With a lot of smiles and an occasional out loud laugh, I read Ann Coulter’s latest book “Guilty.” Once again with her no-holds barred writing style she takes on some of America’s most sacred cows. You want controversy? How about a chapter titled, “Victim of a Crime? Thank a Single Mother.” As only Ann can do, she backs up her allegations with numerous, hard-to-refute statistics. Even considering Sir Winston Churchill’s quote, “Statistics are like a drunk with a lamppost: used more for support than illumination,” Ann’s argument is compelling.
I’m not a sociologist, a criminologist, or any other type of “ologist,” but I bring to the table twenty-six years of street experience as a special agent with the Federal Bureau of Investigation. During my career, I worked organized crime, gangs, terrorism, and child exploitation. I’ve seen society at its best and its worst, and I often viewed it from the inside. Many of my twenty-six years were spent undercover. I have successfully posed as a contract killer, drug dealer, fence, international arms dealer, degenerate gambler, and white collar criminal. But it was my last assignment, playing the role of a pedophile, that opened my eyes to a societal problem going beyond what Ann discusses in her book.

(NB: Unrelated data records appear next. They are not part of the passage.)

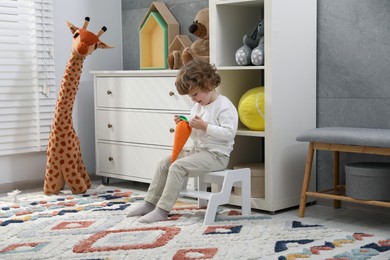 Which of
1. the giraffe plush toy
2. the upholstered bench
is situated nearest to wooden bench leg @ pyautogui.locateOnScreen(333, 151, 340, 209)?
the upholstered bench

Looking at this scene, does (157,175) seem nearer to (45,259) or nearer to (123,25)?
(45,259)

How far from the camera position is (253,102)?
3.26 m

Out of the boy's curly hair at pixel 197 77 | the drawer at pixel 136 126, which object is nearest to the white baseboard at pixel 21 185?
the drawer at pixel 136 126

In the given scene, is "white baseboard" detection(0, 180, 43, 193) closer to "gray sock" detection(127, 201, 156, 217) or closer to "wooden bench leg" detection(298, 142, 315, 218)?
"gray sock" detection(127, 201, 156, 217)

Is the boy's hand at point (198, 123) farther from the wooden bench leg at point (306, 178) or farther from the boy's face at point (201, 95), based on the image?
the wooden bench leg at point (306, 178)

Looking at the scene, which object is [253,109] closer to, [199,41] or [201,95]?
[201,95]

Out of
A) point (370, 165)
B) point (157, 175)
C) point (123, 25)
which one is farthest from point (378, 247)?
point (123, 25)

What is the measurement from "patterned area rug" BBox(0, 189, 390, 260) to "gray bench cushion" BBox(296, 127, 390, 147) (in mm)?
389

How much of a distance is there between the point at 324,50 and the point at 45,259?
1.82 metres

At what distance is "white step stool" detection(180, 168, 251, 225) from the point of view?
9.79ft

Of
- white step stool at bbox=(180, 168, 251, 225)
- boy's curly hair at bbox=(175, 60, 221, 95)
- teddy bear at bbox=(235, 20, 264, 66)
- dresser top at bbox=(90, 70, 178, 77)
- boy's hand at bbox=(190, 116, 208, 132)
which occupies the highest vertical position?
teddy bear at bbox=(235, 20, 264, 66)

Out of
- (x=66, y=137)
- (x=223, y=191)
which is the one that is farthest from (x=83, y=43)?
(x=223, y=191)

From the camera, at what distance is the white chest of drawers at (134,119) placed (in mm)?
3682

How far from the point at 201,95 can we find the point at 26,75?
145 centimetres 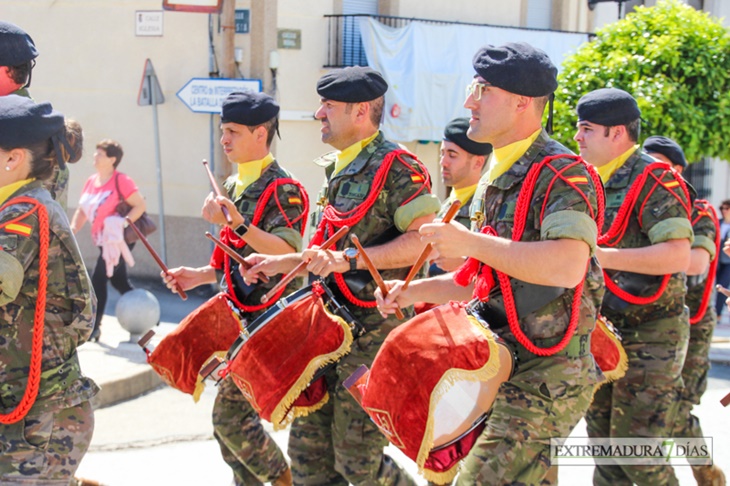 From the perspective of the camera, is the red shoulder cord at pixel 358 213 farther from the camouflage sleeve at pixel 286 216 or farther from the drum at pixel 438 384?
the drum at pixel 438 384

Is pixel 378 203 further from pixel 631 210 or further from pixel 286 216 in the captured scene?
pixel 631 210

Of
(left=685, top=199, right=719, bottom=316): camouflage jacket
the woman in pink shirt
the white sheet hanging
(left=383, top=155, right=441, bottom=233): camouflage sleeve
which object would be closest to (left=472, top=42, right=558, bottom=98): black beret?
(left=383, top=155, right=441, bottom=233): camouflage sleeve

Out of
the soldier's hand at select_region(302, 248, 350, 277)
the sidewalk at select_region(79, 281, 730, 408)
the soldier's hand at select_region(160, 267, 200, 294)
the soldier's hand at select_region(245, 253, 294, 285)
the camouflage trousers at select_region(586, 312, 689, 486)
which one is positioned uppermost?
the soldier's hand at select_region(302, 248, 350, 277)

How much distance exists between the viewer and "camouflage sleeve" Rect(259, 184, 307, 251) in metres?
5.52

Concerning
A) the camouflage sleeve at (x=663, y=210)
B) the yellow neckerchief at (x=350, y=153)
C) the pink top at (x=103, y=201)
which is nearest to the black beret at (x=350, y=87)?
the yellow neckerchief at (x=350, y=153)

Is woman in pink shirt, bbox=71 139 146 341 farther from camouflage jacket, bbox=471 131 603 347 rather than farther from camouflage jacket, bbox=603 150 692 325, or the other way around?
camouflage jacket, bbox=471 131 603 347

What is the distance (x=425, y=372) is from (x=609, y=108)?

I spent three years infiltrating the North American Man/Boy Love Association. NAMBLA is real and not just some episodic joke on South Park or The Daily Show with Jon Stewart. NAMBLA is an underground network of men who are sexually attracted to boys and seek to justify their attraction.
On December 2, 1978, in response to what some activists claim to have been a witch hunt of twenty-four men arrested for child pornography and the statutory rape of boys, a meeting was held at the Community Church in Boston. About thirty men mobilized that evening and formed NAMBLA.
The express purpose of the organization is to abolish age-of-consent laws and legalize consensual sex between men and boys. In reality, this group, hiding behind the First Amendment, uses the secret meetings as a networking opportunity to reinforce among themselves their criminal passions. I know because I was invited into the inner sanctum. I attended meetings, participated in their pen pal program, wrote for their magazine, and was asked twice to serve on the steering committee, their governing body. Not once during my three-year membership was there any effort to lobby any political figure at any level of government to seek to abolish or even to modify the age-of-consent laws. There was no talk of hiring a paid lobbyist in Washington; there was no organized letter writing campaign; there was no endorsement of candidates. For all intents and purposes these men meet to network with other child molesters on where and how to find and seduce boys. We proved that when an FBI-orchestrated sting operation netted eight members of what one defendant called the group’s “inner circle.”
During my membership I corresponded with approximately 165 members and met face-to-face with about three dozen. The membership ran the socio-economic gamut. I met men with advanced degrees and those who were high school dropouts; Mensa members and the barely literate; married and single; wealthy and destitute. What they all shared was a need and desire to be around like-minded men seeking to legitimize their sexual attraction to boys.
I never met Charles Jaynes, the NAMBLA member convicted of the brutal murder of Jeffrey Curley and now serving a life sentence. He was the exception. All of the men with whom I dealt were “persuasion predators.” They didn’t sneak into homes in the dead of night and abduct sleeping boys from their beds. Their tactics were much more subtle. One member, a former special education teacher, who as a result of our investigation was sentenced to thirty years, admitted to molesting sixty to seventy boys and “grooming” another 200. Like most members, he cherished the opportunity to develop a relationship with a boy, attempting to legitimize that relationship by calling it “boy love” or “intergenerational sex” or “Greek love.” In my discussions and correspondence with these members one thing stood out: They targeted the lonely, the emotionally empty, the hurting boy. Those boys seeking affirmation and attention from a father-figure were especially vulnerable. Grooming was like a courting process. It might begin with a look, then a compliment, a conversation lavishing praise and establishing a common connection, and finally a trust.
I am often asked how we can protect our children. There is no magic formula for identifying a molester. There may be clues, but they are not foolproof. We cannot prove a negative. We can prove a person is a child molester. We cannot prove he is not. But Ann, let me expand on what you have said. I know you have been attacked for your chapter on single mothers and of course, there are exceptions to most rules, but single moms (and married moms and dads) let me give one piece of advice that Ann didn’t render. Based upon my three year affiliation with these child molesters, I observed one thing: Not one boy who came from a home with a strong, loving father figure was successfully targeted by a persuasion predator.
Protection may be that simple…a boy needs a loving father.